WHAT TO WORK ON — Your reproduction of the entries should be exact and should contain no pictures.

______

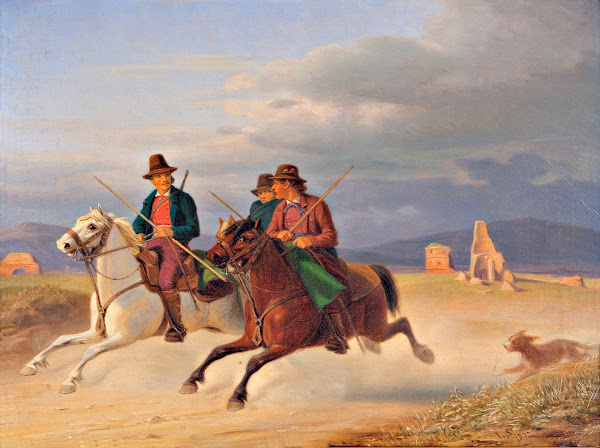 Three riding campagnols 1872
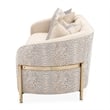 Michael Amini Lisbon Chenille Sofa - Opal/Gold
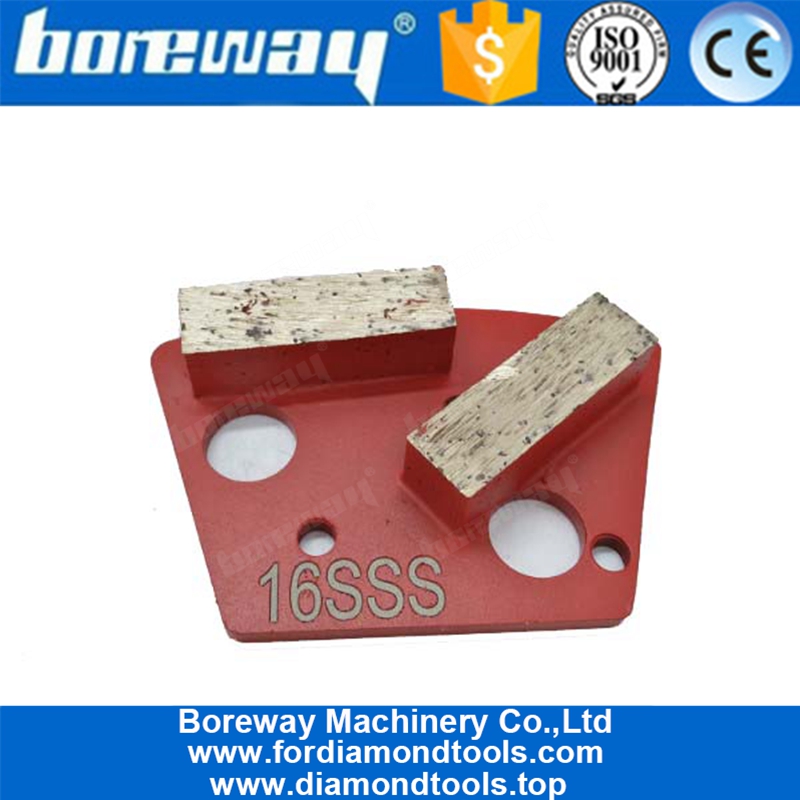 Double Bar Trapzoid Diamond Metal Schleifpad zum Schleifen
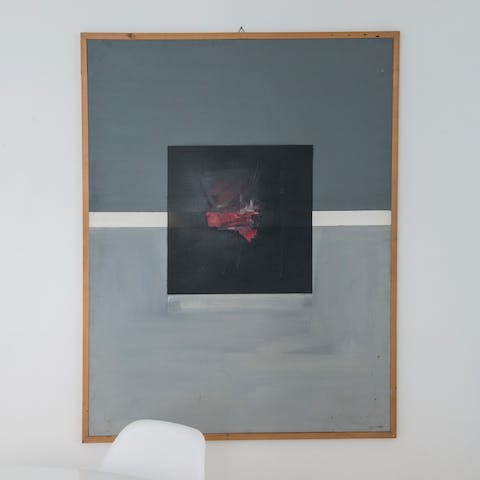 Oil paintings in every room
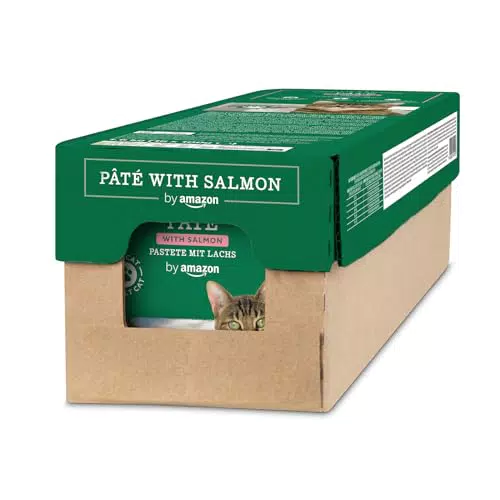 Amazon Cibo per gatti pâté al salmone, confezione da 16 unità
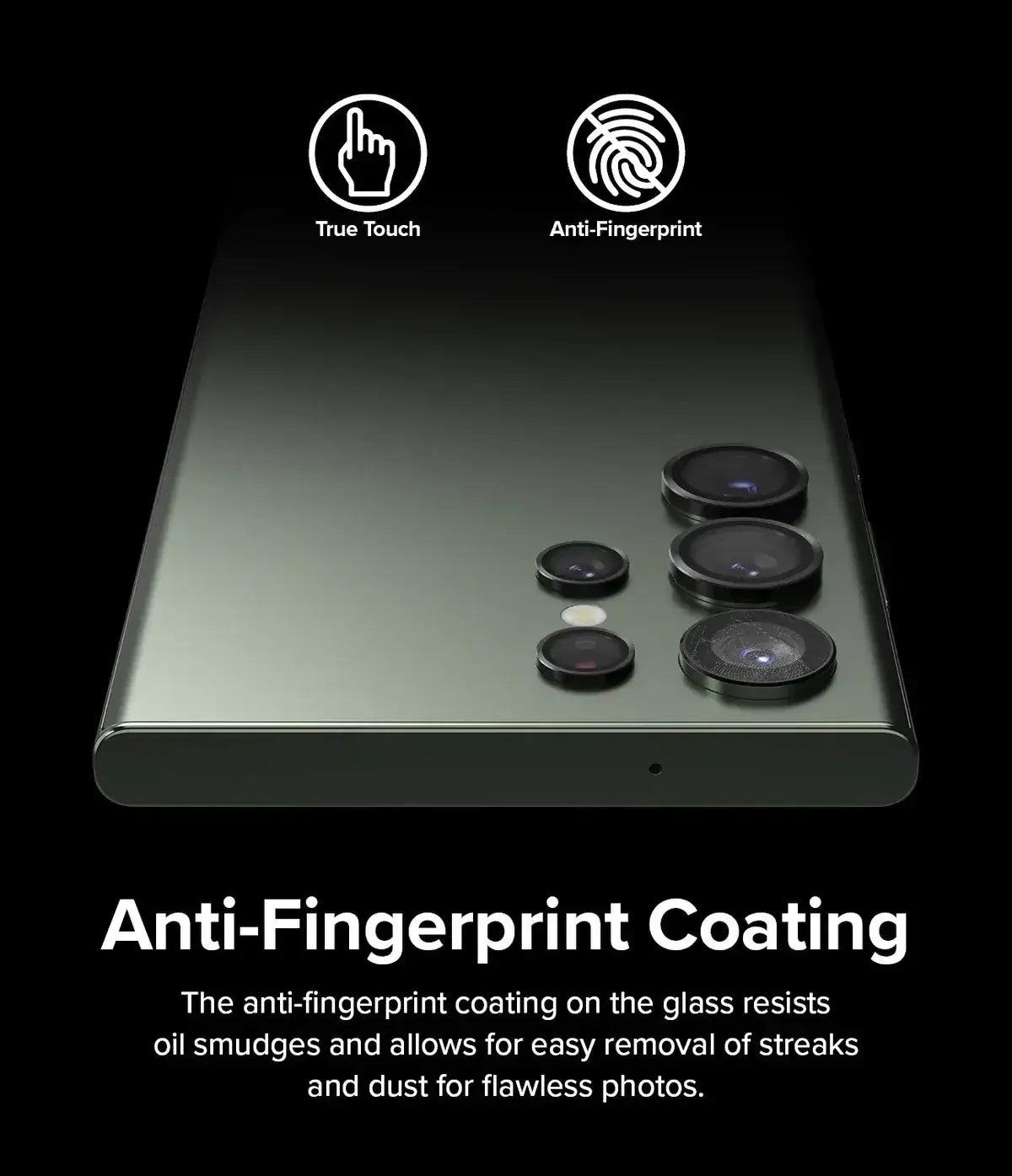 Protector de Cámara para Galaxy S23 Ultra - Ringke Lens Frame Glass Black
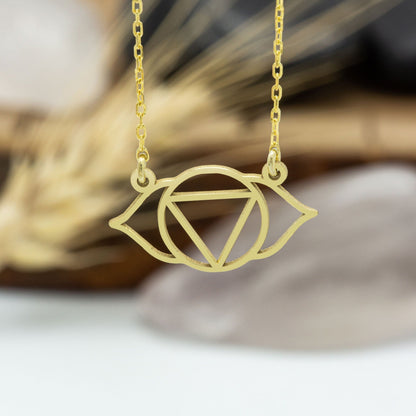 925 Sterling Silver Third Eye Chakra Necklace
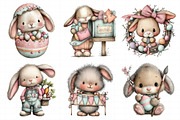 Whimsical Easter Bunny Clipart, an Illustration by Daily.Designs (Thumbnail 7 of 8)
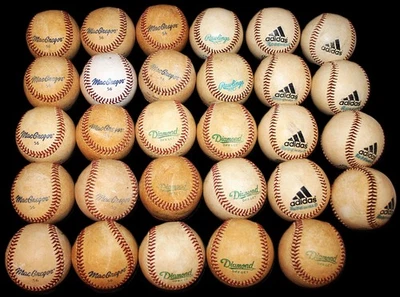 29 Soft Core T-Ball Baseballs Practice Indoor Outdoor MacGregor Adidas Diamond - Image 1 of 3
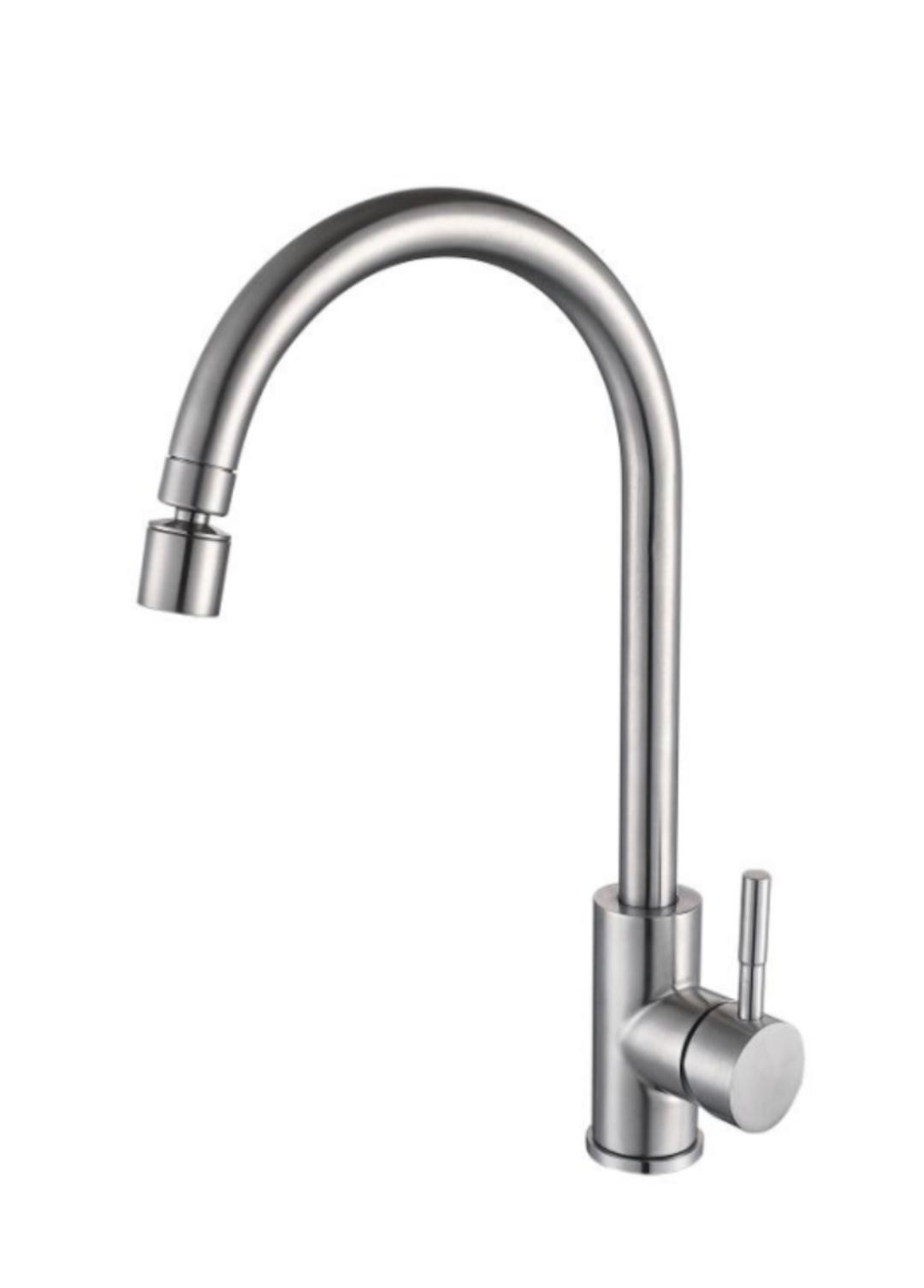 Single Handle Kitchen Faucet Swivel with Movable Spout Brushed Nickel HM-730-BN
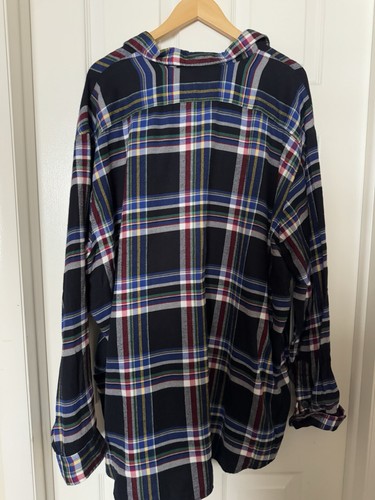 Polo Ralph Lauren Men’s 3X-BIG Big & Tall Plaid Flannel Workshirt NEW - Picture 8 of 12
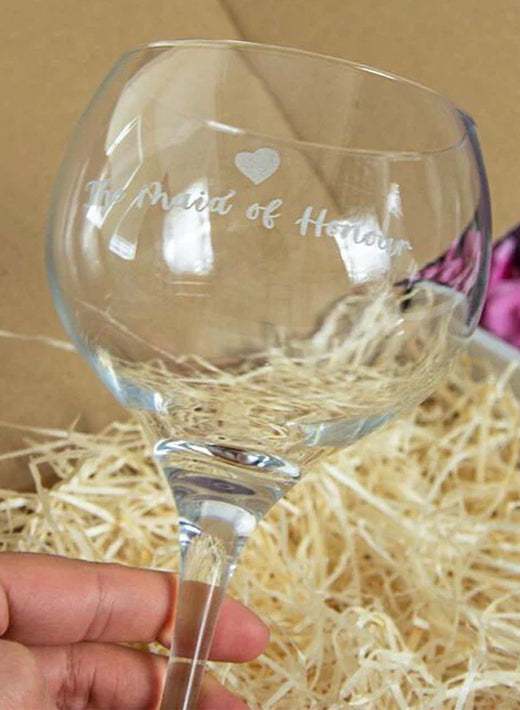 Personalised Gin Glass With Engraving & Gift Box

______

SOLUTION FOR THIS TASK —
 Three riding campagnols 1872
 Michael Amini Lisbon Chenille Sofa - Opal/Gold
 Double Bar Trapzoid Diamond Metal Schleifpad zum Schleifen
 Oil paintings in every room
 Amazon Cibo per gatti pâté al salmone, confezione da 16 unità
 Protector de Cámara para Galaxy S23 Ultra - Ringke Lens Frame Glass Black
 925 Sterling Silver Third Eye Chakra Necklace
 Whimsical Easter Bunny Clipart, an Illustration by Daily.Designs (Thumbnail 7 of 8)
 29 Soft Core T-Ball Baseballs Practice Indoor Outdoor MacGregor Adidas Diamond - Image 1 of 3
 Single Handle Kitchen Faucet Swivel with Movable Spout Brushed Nickel HM-730-BN
 Polo Ralph Lauren Men’s 3X-BIG Big & Tall Plaid Flannel Workshirt NEW - Picture 8 of 12
 Personalised Gin Glass With Engraving & Gift Box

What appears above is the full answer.